И хочется думать, что не случайно нынешнее время так счастливо совпало со взлетом признания Д. С. Лихачева, для многих людей открылись его труды, жадно воспринимаются его публицистика, его выступления. Несомненно, в этом отражается нравственное стремление и времени, и людей к очищению, выпрямлению жизни.
Александр Фадеев
В одном из перерывов съезда меня позвали к Александру Андреевичу Прокофьеву. Он был главой нашей ленинградской делегации. Съезд шел уже неделю. Второй Всесоюзный съезд писателей. Был декабрь 1954 года. «С тобой хочет познакомиться Фадеев», — сказал Александр Андреевич. Для меня это прозвучало неожиданно и непонятно. Честно говоря, в те дни многое меня ошеломляло. Начать с того, что меня выбрали делегатом на съезд и что я оказался вдруг среди людей, которые были до того времени портретами, собраниями сочинений, известными с детства стихами, строчками. Они превращались в живых людей, можно было услышать их голоса, высказывания, причем самые заурядные, меня знакомили, я ощущал тепло их рук, — Амаду, Хикмет, Арагон, Ивашкевич… Было любопытно и страшновато, потому что любой из них мог спросить: а это, собственно, кто такой? Я ощущал себя чужаком, случайно проникшим на Олимп. Даже в своей ленинградской делегации я робел, и немудрено: в составе ее были Ольга Форш, Анна Ахматова, Евгений Шварц, Михаил Слонимский, Юрий Герман… — что ни имя, то страница истории литературы, их знали Горький, Маяковский, они видели Блока, Куприна, от них тянулась прямая связь с великой нашей классикой. К счастью, никто мною особенно не интересовался. И вот почему-то Фадеев.
А Фадеев был для меня тем более академично-мраморным, извечно существующим, поскольку еще в школе мы проходили «Разгром». То, что было в школе, ныне, в 1954 году, отделенное четырьмя годами войны, стало историей.
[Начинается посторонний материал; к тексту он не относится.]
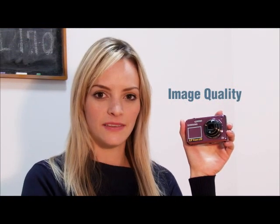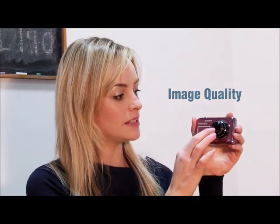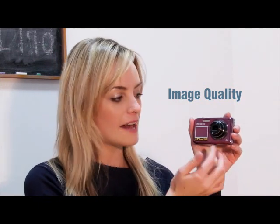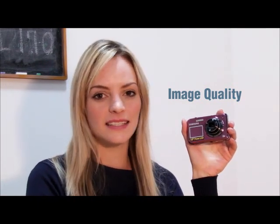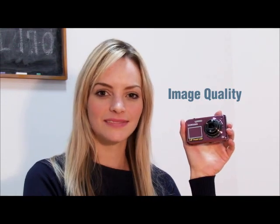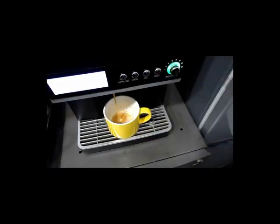The Samsung PL170 has a 26mm wide-angle lens, 5x optical zoom, and 16.1 megapixels. It can also record professional-grade videos — 720p HD quality video at 30 frames per second, with recording time four times longer than MJPEG video using the H.264 format.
На следующий день, после заседания, А. А Прокофьев подвел меня к Фадееву. Вблизи Фадеев выглядел и моложе, и мягче, чем издали, под юпитерами президиума. Седые волосы его не старили. В стройной его высокой фигуре была легкость, упругость здоровья. Он оглядел меня с неясным еще любопытством. Получилось так, что мы оба как бы уставились друг на друга. Заметив это, Фадеев засмеялся, откинув голову. Он предложил посидеть, поговорить, нет, не тут, лучше у него дома, сразу после съезда, то есть через два дня, и он написал мне на клочке бумаги свой адрес, как пройти. Они с Прокофьевым называли друг друга «Сашка», «Сашок», что почему-то меня тоже изумило. Но главное — я не решился спросить Фадеева, зачем я ему понадобился. Я сделал вид, что так оно и положено, у нас есть о чем поговорить. И последующие дни мучился, гадал, не мог представить себе, какое у него может быть дело ко мне.
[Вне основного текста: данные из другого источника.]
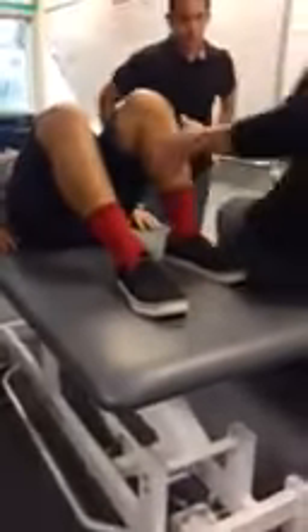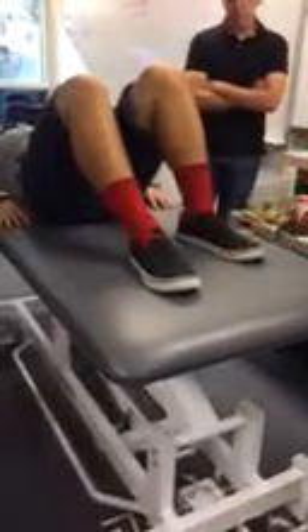Then we have the posterior drawer, which is PCL. Same hand placement, but now you're going to be pushing towards the patient. Sometimes you'll feel their hamstrings kind of protect because they won't stay relaxed. So sometimes I even have them relax their legs, not think about it, and then just do it again to see if we can get those hamstrings to relax. Test bilaterally. So posterior drawer for PCL.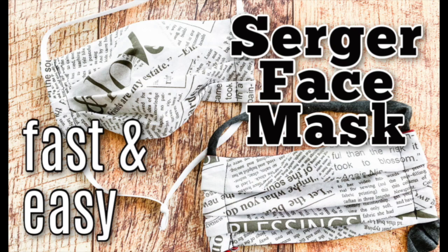Hi, it's Steph from Girl Inspired. Today I'm going to show you how to make a really quick face mask using your serger. If you don't have a serger, that's fine — I've also included instructions to use a sewing machine, but it is going to be the fastest by using a serger.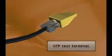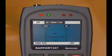The Rapport features a UTP Cable Tester. It automatically inspects the UTP wire and displays the status in detail.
Придется тут пояснить, что литературную жизнь я знал крайне плохо. Никакого филологического образования я не имел, и связей и корней в литературном мире у меня не было. Я был, что называется, типичный технарь, производственник, человек пришлый. И эту свою чужеродность я ощущал в ту пору болезненно. Причем чувство это сочеталось с вызывающей независимостью. Мы, мол, вашим терминам не обучены, у нас своя специальность, своя работа…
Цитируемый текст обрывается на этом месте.